Université du Maine, GAINS and DynareTeam

Posts: 429
Joined: Wed Jan 05, 2005 4:24 pm
Location: Paris, France.

### Re: Hessian computation

mode_compute=5 with
Code: Select all
`optim={'Hessian',2} `
relies on the outer product of gradients and requires the use of a univariate Kalman filter. Therefore, something similar is not available for other optimizers. As Stéphane indicated, mode_compute=6 also differs.
The reason for using the inverse Hessian at the mode is that this is the most efficient choice if the posterior would be normal. But any positive definite matrix for the proposal density will do. You could provide any arbitrary matrix via the
Code: Select all
`mcmc_jumping_covariance`

command.
------------
Johannes Pfeifer
University of Cologne
jpfeifer

Posts: 6940
Joined: Sun Feb 21, 2010 4:02 pm
Location: Cologne, Germany

### Re: Hessian computation

Sorry for my question,

we use MCMC draws, so it works as long as the acceptance ratio is not too close to zero

From what stage of this method are you referring? I ask this because I see severals acceptance rates in different stages of procedure of this method.

¿Is it not assured that acceptance ratio = 1/3?
I ask this because I see in manual '
AcceptanceRateTarget'. Default: 1.0/3.0
Aldo

Posts: 56
Joined: Fri Aug 07, 2015 4:47 pm

### Re: Hessian computation

We use the draws of the metropolis (run in mode_compute=6) to estimate the posterior covariance matrix. We need to have enough variability in these draws. If all the draws, were identical (or more generally if the number of different draws was smaller than the number of estimated parameters) the sample covariance matrix would obviously not be full rank. That's why we target, by default, an acceptance rate of one third (which is the value commonly considered in the literature.

The optimization routine has several steps:

1. We run a metropolis, where we tune the scale parameter so that the acceptance rate is close to the target. In this first step the draws are not used to estimate the covariance matrix, we only continuously keep record of the vector of parameters which gives the best value for the objective. In this first step the covariance matrix if the jumping distribution is an identity matrix.

2. We run a metropolis to estimate the covariance matrix. Again we continuously keep record of the vector of parameters which gives the best value for the objective.

3. We return to 1. with the new estimate of the posterior covariance matrix.
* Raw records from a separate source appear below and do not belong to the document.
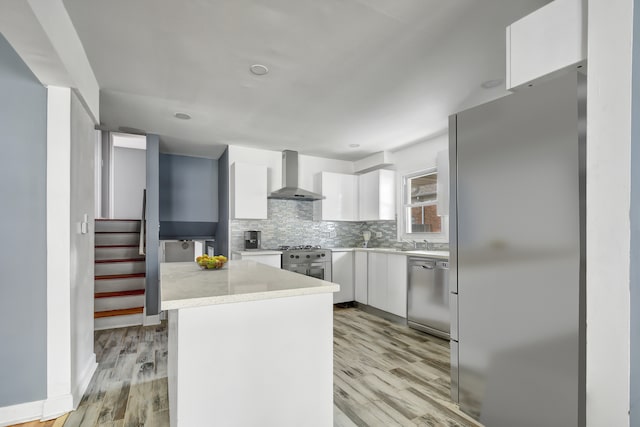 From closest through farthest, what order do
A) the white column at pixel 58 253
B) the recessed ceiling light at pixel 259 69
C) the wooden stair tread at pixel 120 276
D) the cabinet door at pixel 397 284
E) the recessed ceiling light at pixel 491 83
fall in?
the white column at pixel 58 253
the recessed ceiling light at pixel 259 69
the recessed ceiling light at pixel 491 83
the cabinet door at pixel 397 284
the wooden stair tread at pixel 120 276

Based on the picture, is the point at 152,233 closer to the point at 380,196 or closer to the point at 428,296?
the point at 380,196

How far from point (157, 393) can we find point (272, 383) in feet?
4.45

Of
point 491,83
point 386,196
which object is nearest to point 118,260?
point 386,196

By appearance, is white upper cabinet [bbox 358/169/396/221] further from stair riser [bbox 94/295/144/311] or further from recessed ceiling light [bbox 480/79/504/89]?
stair riser [bbox 94/295/144/311]

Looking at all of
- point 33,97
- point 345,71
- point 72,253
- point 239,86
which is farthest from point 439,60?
point 72,253

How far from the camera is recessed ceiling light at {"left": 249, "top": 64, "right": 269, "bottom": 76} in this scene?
237cm

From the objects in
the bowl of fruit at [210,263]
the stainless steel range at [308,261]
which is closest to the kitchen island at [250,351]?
the bowl of fruit at [210,263]

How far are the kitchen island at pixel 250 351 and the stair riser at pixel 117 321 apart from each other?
286 centimetres

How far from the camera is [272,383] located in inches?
59.3

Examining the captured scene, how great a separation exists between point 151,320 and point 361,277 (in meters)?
2.93

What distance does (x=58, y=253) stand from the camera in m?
2.04

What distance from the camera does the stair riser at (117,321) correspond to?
12.5 ft

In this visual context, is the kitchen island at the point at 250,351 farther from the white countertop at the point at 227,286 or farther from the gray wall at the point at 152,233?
the gray wall at the point at 152,233

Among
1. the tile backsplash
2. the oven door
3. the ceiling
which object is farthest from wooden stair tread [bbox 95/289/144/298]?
A: the oven door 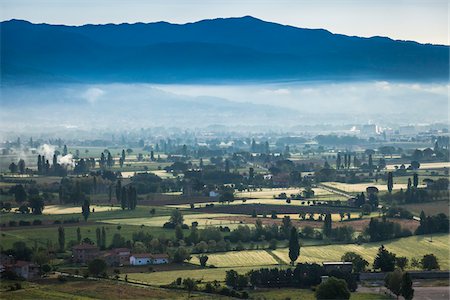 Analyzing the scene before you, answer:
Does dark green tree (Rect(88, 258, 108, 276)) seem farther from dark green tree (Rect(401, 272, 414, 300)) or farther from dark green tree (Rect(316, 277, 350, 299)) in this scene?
dark green tree (Rect(401, 272, 414, 300))

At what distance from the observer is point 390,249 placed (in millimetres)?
29281

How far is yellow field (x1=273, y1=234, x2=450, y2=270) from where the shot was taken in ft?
91.2

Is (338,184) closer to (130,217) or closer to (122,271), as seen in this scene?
(130,217)

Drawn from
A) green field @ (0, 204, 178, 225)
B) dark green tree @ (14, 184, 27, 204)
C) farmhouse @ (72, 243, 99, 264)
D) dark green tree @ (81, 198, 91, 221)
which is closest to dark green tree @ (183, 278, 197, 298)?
farmhouse @ (72, 243, 99, 264)

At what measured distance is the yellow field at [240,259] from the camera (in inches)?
1063

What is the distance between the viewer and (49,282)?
2427 centimetres

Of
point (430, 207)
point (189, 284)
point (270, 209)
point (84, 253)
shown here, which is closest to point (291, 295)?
point (189, 284)

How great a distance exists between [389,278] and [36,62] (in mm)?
182081

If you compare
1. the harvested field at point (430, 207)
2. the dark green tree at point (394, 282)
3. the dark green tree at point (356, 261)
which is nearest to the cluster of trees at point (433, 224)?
the harvested field at point (430, 207)

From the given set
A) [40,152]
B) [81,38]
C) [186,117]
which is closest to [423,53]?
[186,117]

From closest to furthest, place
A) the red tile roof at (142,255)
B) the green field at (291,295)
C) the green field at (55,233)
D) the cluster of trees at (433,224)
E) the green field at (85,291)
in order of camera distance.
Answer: the green field at (85,291) → the green field at (291,295) → the red tile roof at (142,255) → the green field at (55,233) → the cluster of trees at (433,224)

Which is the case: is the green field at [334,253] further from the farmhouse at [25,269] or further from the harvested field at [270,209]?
the harvested field at [270,209]

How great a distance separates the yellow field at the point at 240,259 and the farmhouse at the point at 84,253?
265 cm

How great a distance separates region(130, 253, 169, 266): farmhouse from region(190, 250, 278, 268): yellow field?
2.53ft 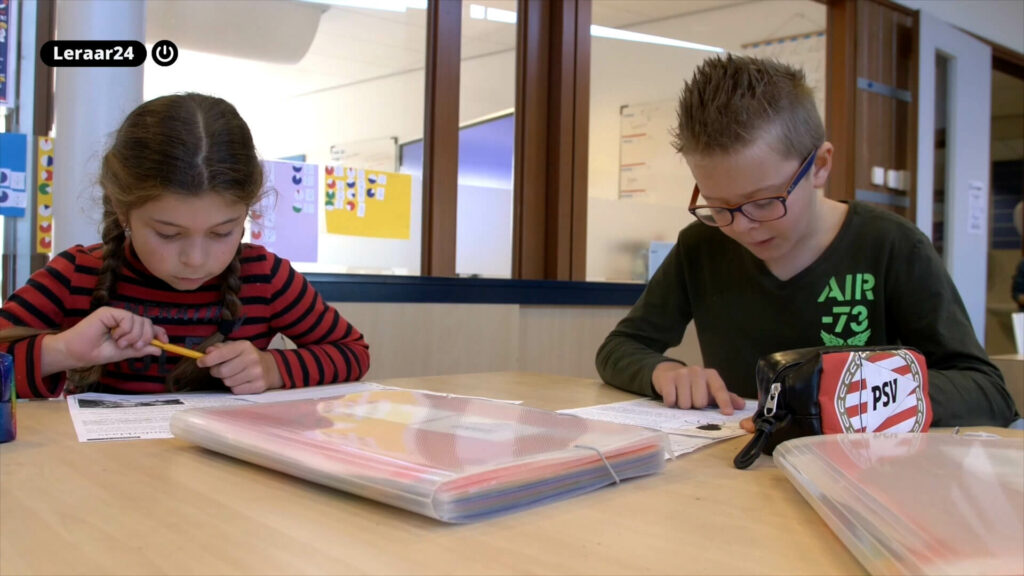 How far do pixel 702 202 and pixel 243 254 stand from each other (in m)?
0.78

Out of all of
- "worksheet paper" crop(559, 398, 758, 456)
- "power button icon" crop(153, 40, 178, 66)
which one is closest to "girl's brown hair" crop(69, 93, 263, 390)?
"worksheet paper" crop(559, 398, 758, 456)

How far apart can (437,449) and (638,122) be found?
9.14 ft

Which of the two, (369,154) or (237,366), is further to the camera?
(369,154)

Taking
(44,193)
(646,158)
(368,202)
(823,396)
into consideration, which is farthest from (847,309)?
(646,158)

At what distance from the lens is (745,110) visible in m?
1.10

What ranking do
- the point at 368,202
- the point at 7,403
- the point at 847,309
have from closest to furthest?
1. the point at 7,403
2. the point at 847,309
3. the point at 368,202

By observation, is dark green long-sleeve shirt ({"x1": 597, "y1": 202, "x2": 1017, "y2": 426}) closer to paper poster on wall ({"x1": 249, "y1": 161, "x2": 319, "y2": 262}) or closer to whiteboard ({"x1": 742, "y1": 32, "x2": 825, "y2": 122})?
paper poster on wall ({"x1": 249, "y1": 161, "x2": 319, "y2": 262})

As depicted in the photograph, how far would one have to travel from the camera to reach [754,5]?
364cm

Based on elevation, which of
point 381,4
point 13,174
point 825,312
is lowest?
point 825,312

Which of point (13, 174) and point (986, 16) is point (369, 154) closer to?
point (13, 174)

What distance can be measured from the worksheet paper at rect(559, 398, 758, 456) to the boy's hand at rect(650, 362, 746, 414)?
0.01m

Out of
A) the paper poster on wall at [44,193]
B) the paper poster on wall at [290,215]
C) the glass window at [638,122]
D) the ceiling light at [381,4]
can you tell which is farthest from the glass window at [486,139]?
the paper poster on wall at [44,193]

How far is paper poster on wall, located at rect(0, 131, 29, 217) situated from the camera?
1.80m

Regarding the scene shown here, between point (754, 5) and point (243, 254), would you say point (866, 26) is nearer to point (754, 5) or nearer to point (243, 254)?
point (754, 5) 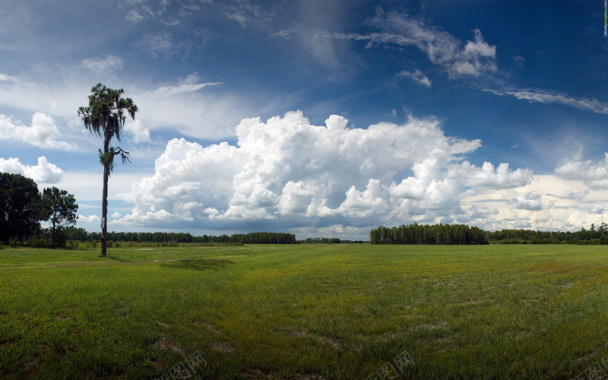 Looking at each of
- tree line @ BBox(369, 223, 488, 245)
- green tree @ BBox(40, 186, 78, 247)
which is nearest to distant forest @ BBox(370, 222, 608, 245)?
tree line @ BBox(369, 223, 488, 245)

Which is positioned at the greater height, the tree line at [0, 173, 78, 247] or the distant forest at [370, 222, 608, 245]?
the tree line at [0, 173, 78, 247]

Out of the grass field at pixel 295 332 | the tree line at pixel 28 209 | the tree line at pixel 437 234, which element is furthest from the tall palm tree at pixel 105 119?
the tree line at pixel 437 234

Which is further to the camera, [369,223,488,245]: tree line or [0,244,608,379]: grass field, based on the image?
[369,223,488,245]: tree line

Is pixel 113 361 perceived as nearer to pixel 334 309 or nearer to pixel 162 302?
pixel 162 302

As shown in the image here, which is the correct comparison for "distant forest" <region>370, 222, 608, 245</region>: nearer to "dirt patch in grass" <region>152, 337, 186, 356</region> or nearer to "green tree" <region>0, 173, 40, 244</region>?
"green tree" <region>0, 173, 40, 244</region>

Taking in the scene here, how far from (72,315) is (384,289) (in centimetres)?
1467

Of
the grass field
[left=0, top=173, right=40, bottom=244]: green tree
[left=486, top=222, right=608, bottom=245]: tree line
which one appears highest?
[left=0, top=173, right=40, bottom=244]: green tree

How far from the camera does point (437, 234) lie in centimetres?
18062

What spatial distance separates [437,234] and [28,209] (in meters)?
177

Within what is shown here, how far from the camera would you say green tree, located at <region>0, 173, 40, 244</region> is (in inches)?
2682

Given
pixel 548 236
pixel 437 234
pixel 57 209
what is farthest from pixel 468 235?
pixel 57 209

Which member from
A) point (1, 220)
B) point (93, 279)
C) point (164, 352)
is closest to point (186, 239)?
point (1, 220)

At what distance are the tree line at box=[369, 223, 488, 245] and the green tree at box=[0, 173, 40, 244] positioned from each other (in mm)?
172013

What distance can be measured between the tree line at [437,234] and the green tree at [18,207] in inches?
6772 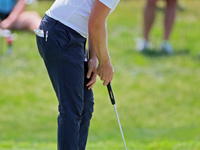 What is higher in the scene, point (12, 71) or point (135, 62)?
point (135, 62)

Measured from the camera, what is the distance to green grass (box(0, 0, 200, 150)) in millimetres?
5176

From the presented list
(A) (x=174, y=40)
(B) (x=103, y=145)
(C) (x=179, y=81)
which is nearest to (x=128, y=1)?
(A) (x=174, y=40)

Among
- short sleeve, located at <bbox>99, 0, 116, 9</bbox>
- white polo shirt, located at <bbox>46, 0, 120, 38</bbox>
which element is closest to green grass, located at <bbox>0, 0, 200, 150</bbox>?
white polo shirt, located at <bbox>46, 0, 120, 38</bbox>

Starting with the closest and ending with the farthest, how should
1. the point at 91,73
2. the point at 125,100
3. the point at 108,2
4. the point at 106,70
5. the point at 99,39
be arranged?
the point at 108,2 → the point at 99,39 → the point at 106,70 → the point at 91,73 → the point at 125,100

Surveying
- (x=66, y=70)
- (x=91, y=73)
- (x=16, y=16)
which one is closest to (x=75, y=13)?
(x=66, y=70)

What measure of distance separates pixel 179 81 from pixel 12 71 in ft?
8.85

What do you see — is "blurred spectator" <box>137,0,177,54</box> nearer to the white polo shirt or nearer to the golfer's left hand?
the golfer's left hand

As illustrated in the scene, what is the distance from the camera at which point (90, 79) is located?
2.93 metres

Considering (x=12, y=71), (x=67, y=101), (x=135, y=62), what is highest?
(x=67, y=101)

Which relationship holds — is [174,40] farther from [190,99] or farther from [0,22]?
[0,22]

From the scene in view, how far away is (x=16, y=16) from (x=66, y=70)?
19.5ft

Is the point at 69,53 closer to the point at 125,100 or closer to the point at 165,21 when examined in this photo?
the point at 125,100

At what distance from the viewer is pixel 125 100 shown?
637 cm

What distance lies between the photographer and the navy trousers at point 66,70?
8.73 feet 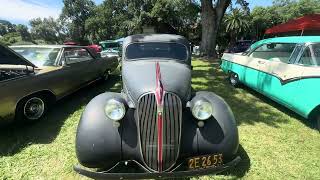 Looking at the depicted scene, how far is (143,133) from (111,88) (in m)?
5.51

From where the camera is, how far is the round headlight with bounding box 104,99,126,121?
10.8 feet

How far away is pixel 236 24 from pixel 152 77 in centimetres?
3849

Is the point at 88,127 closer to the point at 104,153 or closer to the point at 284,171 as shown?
the point at 104,153

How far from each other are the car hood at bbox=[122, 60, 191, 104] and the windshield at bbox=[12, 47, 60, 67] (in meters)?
2.60

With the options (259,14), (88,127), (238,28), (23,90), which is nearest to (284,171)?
(88,127)

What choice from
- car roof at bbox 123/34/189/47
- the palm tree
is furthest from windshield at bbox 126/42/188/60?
the palm tree

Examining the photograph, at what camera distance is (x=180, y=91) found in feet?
12.0

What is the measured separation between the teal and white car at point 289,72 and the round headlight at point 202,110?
2572 mm

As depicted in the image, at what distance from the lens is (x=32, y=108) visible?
5.40 meters

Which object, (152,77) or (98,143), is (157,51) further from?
(98,143)

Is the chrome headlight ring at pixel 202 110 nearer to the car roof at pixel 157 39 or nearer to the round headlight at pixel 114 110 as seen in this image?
the round headlight at pixel 114 110

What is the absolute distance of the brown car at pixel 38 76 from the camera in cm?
479

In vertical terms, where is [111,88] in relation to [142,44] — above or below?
below

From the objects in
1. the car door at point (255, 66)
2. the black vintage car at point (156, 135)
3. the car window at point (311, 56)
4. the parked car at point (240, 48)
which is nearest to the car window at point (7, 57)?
the black vintage car at point (156, 135) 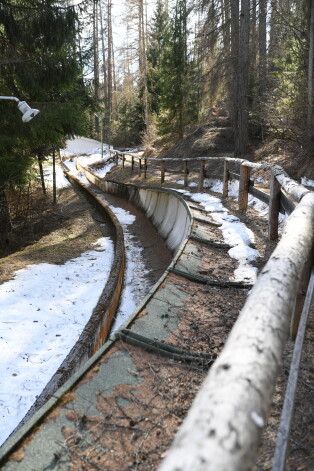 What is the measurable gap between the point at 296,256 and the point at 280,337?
1.87 feet

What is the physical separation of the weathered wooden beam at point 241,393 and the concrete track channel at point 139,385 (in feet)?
3.75

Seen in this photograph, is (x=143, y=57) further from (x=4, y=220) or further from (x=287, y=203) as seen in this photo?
(x=287, y=203)

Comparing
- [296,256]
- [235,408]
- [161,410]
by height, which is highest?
[296,256]

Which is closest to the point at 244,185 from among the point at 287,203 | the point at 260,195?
the point at 260,195

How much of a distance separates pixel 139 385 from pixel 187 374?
0.33m

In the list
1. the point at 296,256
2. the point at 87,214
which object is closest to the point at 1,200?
the point at 87,214

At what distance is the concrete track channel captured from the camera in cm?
184

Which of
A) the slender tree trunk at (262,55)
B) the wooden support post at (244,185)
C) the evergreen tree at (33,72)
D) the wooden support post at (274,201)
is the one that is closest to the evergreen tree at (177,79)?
the slender tree trunk at (262,55)

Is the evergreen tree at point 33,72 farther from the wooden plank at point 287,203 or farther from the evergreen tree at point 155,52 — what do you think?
the evergreen tree at point 155,52

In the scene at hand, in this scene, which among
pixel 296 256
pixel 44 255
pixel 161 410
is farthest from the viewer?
pixel 44 255

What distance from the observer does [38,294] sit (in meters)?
5.67

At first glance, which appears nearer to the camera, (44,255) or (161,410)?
(161,410)

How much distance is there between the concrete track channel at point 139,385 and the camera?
72.5 inches

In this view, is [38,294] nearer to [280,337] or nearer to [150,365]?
[150,365]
By default we iterate on these steps two or three times (I do not remember, look at the reference manual). And in the last step we run a last metropolis, where we only update our estimate of the posterior mode. In this last round we decrease slowly the size of the jumps.

Best,
Stéphane.
Université du Maine, GAINS and DynareTeam

Posts: 429
Joined: Wed Jan 05, 2005 4:24 pm
Location: Paris, France.

### Re: Hessian computation

This discussion was very useful. Thanks a lot!
When we use mode_compute=6, sequentially after using a 'more efficient' optimiser as #4 or #8, would the MCMC be initialised at the latest available mode file or would it still use the values specificied in the estimated_params_init block?
Thanks again!
reubenpjacob

Posts: 133
Joined: Fri Oct 06, 2006 3:23 pm
Location: Reserve Bank of New Zealand

### Re: Hessian computation

Dear Reuben,

The initial state of the MCMC will be (or centered around, if you have more than one chain) the posterior mode estimate returned by the last optimization routine.

Best,
Stéphane.
Université du Maine, GAINS and DynareTeam

Posts: 429
Joined: Wed Jan 05, 2005 4:24 pm
Location: Paris, France.

### Re: Hessian computation

That depends on what exactly you are doing. Stephane is right when you use the
Code: Select all
`mode_file`

option. It will start at the last found mode.
------------
Johannes Pfeifer
University of Cologne
jpfeifer

Posts: 6940
Joined: Sun Feb 21, 2010 4:02 pm
Location: Cologne, Germany

### Re: Hessian computation

Thanks Johannes.
Do you recommend any readings to understand why the Hessian found by the numerical optimiser(s) is not positive definite?
Since this seems to be a very common problem, I thought a few readings would be useful!
Thanks
Reuben
reubenpjacob

Posts: 133
Joined: Fri Oct 06, 2006 3:23 pm
Location: Reserve Bank of New Zealand

### Re: Hessian computation

Dear Reuben,

In Dynare we do not use the hessian matrices returned by the optimizers. For instance, mode_compute=4, the default algorithm derived from Chris Sims code, returns a crude estimate of the hessian that is not used by Dynare (see any presentation of the BFGS, there is a nice page on wikipedia, algorithm which is close to what is done here). Instead we compute the hessian with finite differences (except mode_compute=6, and mode_compute=5 which uses a gradient the outer product approach), by calling hessian.m function.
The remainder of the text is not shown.